----- Recorded data -----
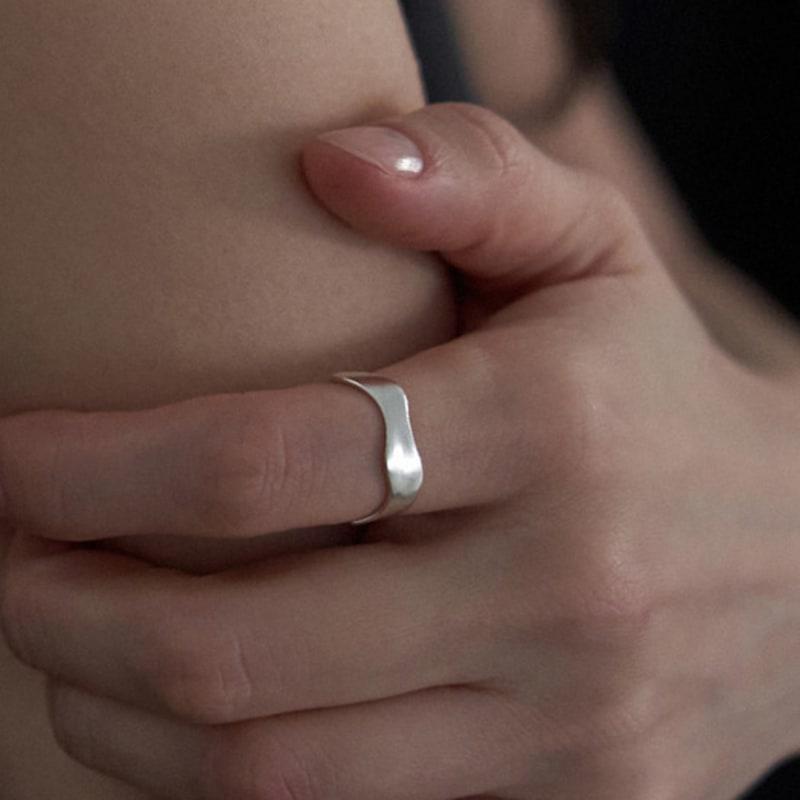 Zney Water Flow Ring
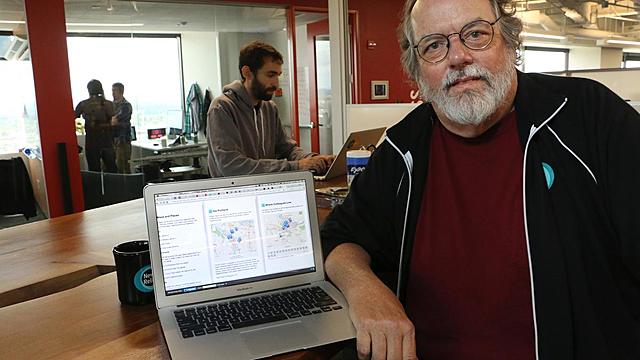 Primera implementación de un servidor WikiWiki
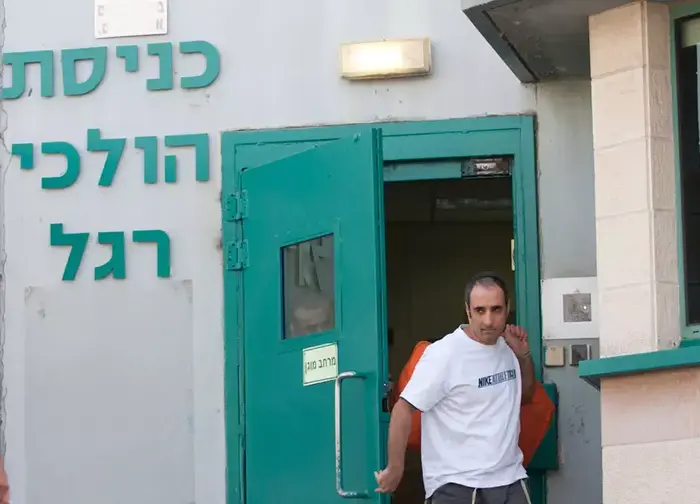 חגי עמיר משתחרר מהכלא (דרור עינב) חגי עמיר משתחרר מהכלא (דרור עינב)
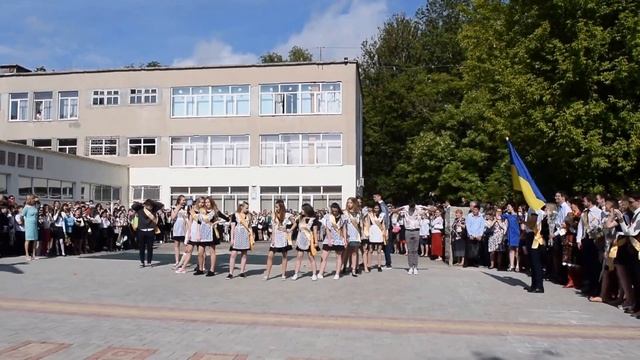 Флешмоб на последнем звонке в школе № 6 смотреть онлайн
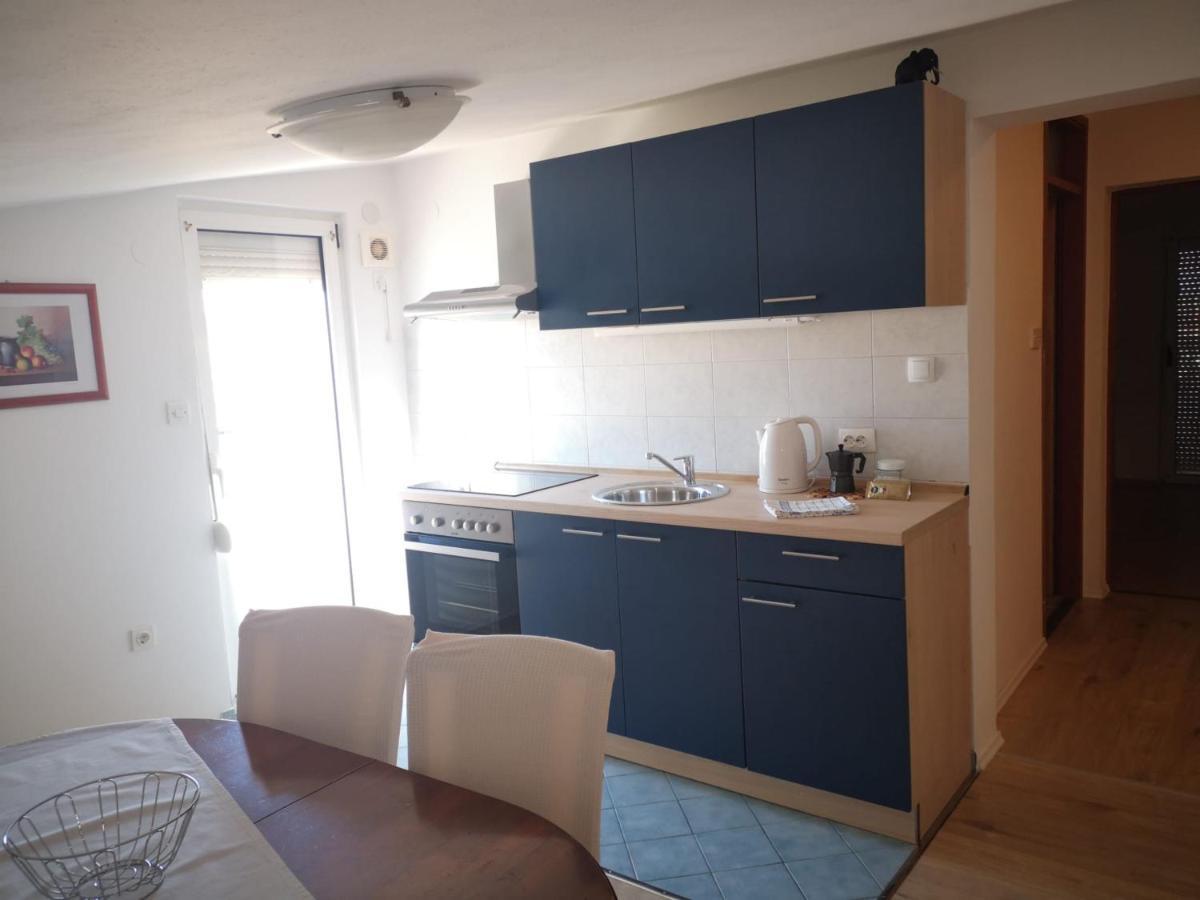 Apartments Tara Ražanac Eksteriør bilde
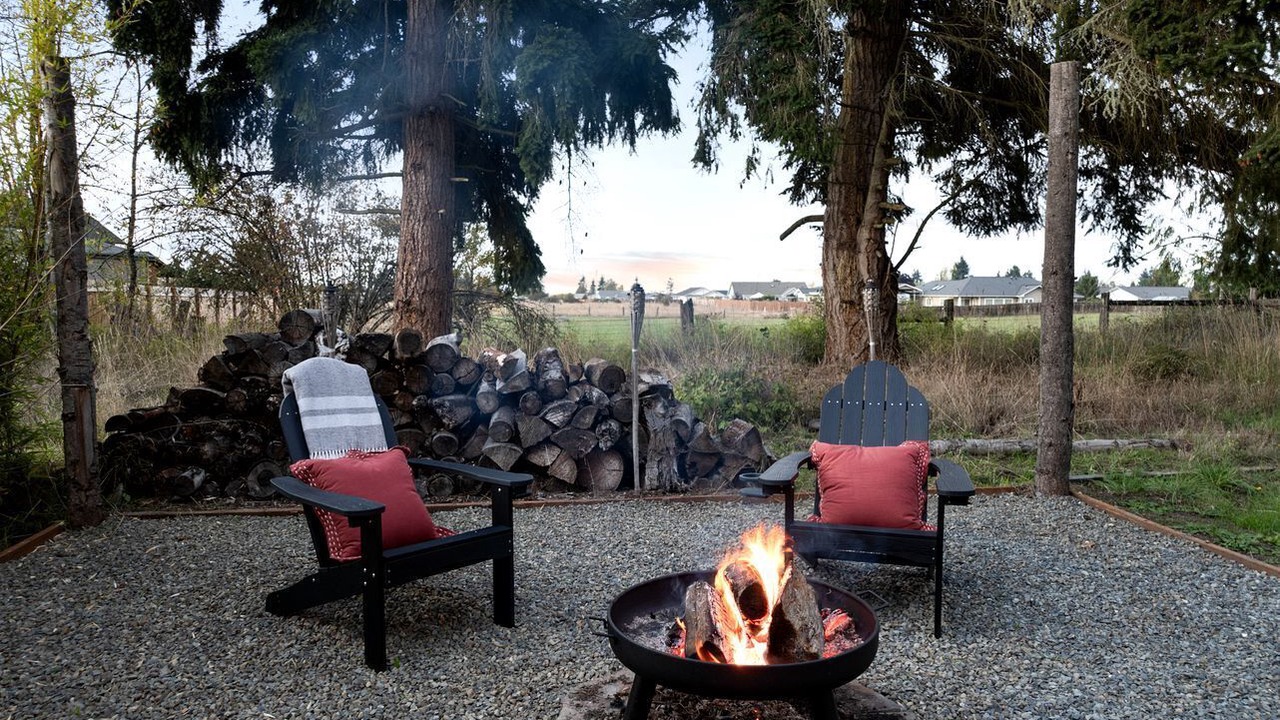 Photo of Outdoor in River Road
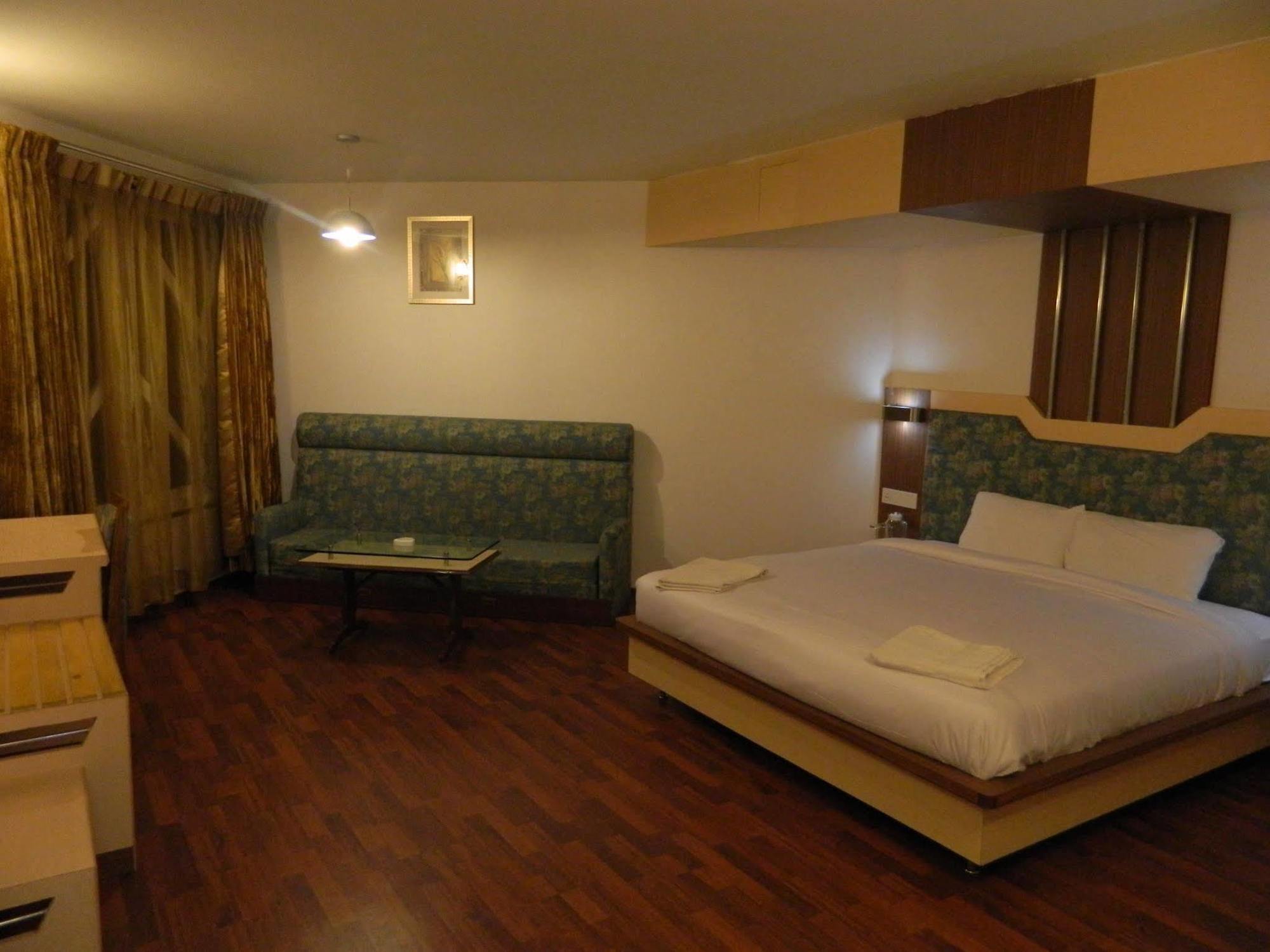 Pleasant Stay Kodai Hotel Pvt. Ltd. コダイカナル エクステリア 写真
-----
◆ **Problem**
Give the data again exactly. Keep the images out.

◆ **Final answer**
 Zney Water Flow Ring
 Primera implementación de un servidor WikiWiki
 חגי עמיר משתחרר מהכלא (דרור עינב) חגי עמיר משתחרר מהכלא (דרור עינב)
 Флешмоб на последнем звонке в школе № 6 смотреть онлайн
 Apartments Tara Ražanac Eksteriør bilde
 Photo of Outdoor in River Road
 Pleasant Stay Kodai Hotel Pvt. Ltd. コダイカナル エクステリア 写真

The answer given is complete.